**What the task requires:** Every word of every entry must be retyped exactly.

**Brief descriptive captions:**

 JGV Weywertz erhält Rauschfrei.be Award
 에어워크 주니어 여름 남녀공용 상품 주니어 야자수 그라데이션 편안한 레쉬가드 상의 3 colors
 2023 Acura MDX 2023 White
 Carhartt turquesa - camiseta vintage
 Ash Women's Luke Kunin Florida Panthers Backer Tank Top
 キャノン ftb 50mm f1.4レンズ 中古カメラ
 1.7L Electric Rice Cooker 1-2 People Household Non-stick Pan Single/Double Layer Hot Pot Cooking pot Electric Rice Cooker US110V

**Expected answer:**
 JGV Weywertz erhält Rauschfrei.be Award
 에어워크 주니어 여름 남녀공용 상품 주니어 야자수 그라데이션 편안한 레쉬가드 상의 3 colors
 2023 Acura MDX 2023 White
 Carhartt turquesa - camiseta vintage
 Ash Women's Luke Kunin Florida Panthers Backer Tank Top
 キャノン ftb 50mm f1.4レンズ 中古カメラ
 1.7L Electric Rice Cooker 1-2 People Household Non-stick Pan Single/Double Layer Hot Pot Cooking pot Electric Rice Cooker US110V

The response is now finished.